Tuesday, September 26, 2006

Let's go distributed: how to build a parallel web spider in Java...

To combat the decline in Moore's law, CPU, OS, and application developers are beginning to have to go distributed. The only problem is, when developers think distributed programming, they think hard.

Today's parallel programming models don't help very much, especially if you're a Java developer. Java itself supports concurrent programming, which is great, but most application developers don't use it. To go distributed in our own apps, traditionally we Java programmers have had to go learn JDBC (which is overkill for transient data), or JMS (but we don't get coherency, and we now have to learn serialization), or JavaSpaces, or JBoss cache, and on and on.

There has to be an easier way!

Fortunately there is. With Terracotta, we can write 100% pure Java and let Terracotta do the heavy lifting for us. Over at the Server Side, Jonas Bonér describes the Master/Worker pattern using Terracotta. That pattern will help us write the parallel web spider, so I decided to implement the pattern and make it freely available here - as in speech and beer - along with the full source code and binary distributions of the parallel web spider project. I wrote both using Maven to help get you going as fast as possible.

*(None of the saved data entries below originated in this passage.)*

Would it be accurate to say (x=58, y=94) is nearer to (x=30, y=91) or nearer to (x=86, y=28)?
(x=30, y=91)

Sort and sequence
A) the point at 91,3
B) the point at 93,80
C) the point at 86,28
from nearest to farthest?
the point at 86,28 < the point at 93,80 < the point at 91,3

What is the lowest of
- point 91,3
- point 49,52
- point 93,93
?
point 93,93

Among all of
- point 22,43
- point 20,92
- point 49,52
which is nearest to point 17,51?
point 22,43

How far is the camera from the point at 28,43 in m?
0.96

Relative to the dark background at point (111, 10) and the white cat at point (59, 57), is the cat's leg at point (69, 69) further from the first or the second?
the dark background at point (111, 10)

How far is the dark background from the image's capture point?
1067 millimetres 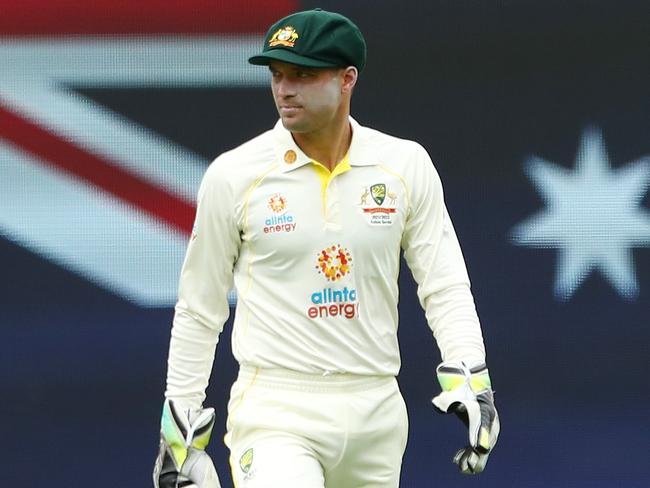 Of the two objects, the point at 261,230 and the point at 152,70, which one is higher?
the point at 152,70

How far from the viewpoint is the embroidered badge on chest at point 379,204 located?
3957 millimetres

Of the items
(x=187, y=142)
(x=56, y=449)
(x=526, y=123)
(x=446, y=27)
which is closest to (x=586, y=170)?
(x=526, y=123)

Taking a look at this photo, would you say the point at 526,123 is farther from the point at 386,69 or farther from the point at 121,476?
the point at 121,476

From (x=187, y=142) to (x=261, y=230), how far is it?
5.46 ft

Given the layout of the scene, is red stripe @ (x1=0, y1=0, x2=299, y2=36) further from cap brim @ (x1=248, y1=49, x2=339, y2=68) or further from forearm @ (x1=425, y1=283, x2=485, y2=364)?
forearm @ (x1=425, y1=283, x2=485, y2=364)

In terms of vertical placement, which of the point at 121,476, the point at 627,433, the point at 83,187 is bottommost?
the point at 121,476

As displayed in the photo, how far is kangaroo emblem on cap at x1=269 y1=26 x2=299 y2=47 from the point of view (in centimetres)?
384

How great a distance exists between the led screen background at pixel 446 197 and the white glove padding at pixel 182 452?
166 cm

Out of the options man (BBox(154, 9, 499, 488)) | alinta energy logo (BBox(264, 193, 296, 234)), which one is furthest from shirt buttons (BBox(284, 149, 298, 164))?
alinta energy logo (BBox(264, 193, 296, 234))

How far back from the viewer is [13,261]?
545cm

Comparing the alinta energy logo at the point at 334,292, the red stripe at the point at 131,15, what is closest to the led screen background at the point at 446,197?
the red stripe at the point at 131,15

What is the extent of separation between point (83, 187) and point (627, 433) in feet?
7.03

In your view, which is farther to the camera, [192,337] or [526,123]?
[526,123]

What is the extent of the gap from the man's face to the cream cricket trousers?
0.63 metres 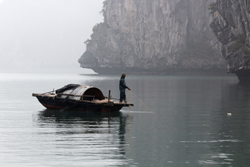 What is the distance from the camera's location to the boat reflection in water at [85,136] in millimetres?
14674

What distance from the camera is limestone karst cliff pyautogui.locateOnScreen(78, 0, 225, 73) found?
151m

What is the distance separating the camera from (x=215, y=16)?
8806 centimetres

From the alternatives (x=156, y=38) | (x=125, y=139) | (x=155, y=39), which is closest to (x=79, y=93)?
(x=125, y=139)

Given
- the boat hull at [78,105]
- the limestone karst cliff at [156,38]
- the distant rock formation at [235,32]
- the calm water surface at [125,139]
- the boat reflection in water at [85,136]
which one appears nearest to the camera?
the calm water surface at [125,139]

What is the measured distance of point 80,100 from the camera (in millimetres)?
28125

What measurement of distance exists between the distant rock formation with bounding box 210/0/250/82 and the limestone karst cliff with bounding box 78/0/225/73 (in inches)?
2396

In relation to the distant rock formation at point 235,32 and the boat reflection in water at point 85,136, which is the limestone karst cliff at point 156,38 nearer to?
the distant rock formation at point 235,32

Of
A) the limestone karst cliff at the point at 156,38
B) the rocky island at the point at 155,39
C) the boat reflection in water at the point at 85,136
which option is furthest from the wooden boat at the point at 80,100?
the limestone karst cliff at the point at 156,38

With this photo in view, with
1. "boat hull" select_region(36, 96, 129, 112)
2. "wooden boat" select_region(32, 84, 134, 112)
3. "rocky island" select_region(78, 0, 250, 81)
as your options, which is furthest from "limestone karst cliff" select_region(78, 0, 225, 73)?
"boat hull" select_region(36, 96, 129, 112)

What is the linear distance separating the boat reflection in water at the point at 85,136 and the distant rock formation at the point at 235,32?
52.5m

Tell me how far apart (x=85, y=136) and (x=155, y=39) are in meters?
138

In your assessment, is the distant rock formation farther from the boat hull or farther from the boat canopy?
the boat hull

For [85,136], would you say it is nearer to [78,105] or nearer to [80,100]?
[80,100]

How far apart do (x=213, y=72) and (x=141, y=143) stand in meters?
136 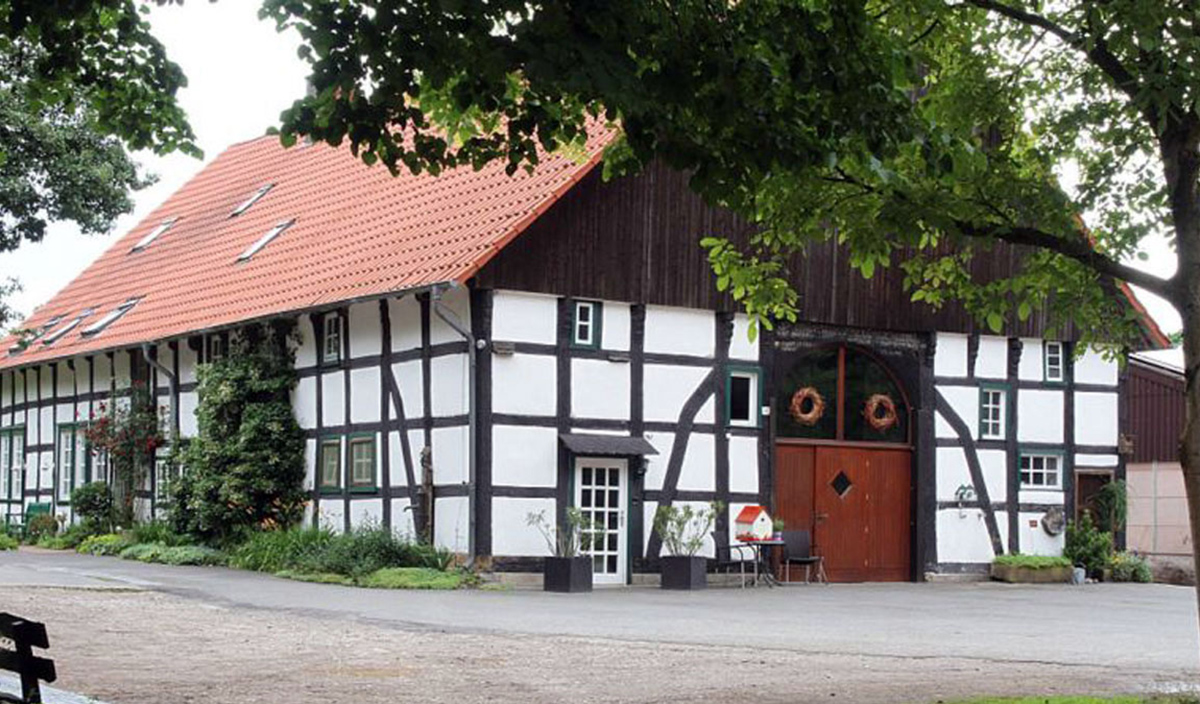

Sidenote: while Jonas uses Spring in his example, I am using a pure POJO implementation. The concepts are the same, and anyone using my example can pull it into Spring with zero effort.

Getting back to that parallel web spider...

First, let's describe what the spider does in plain english:

"Take an input url, retrieve the page data for that url, parse the links in the page, and repeat the process until we decide to stop".

Sounds pretty simple. Let's break it down into an algorithm:

  1. Begin with the current URL and a stop depth
  2. Retrieve the page data for the current URL, return a list of URLs which represent links in the page
  3. For each URL, if its depth is less than the stop-depth, push it onto a (FIFO) list of URLs to process
  4. Remove the top URL from the list, and repeat at Step 2.
The parallel version of this breaks down into Master/Worker pretty easily. Steps 1, 3, and 4 constitute the "Master" side of the Master/Worker pattern, and Step 2 constitutes the "Worker" side of the Master/Worker pattern. Not only that, but as Jonas has shown us, in Java 1.5 these concepts are already implemented in the form of the java.util.concurrent package (formerly the oswego concurrent package).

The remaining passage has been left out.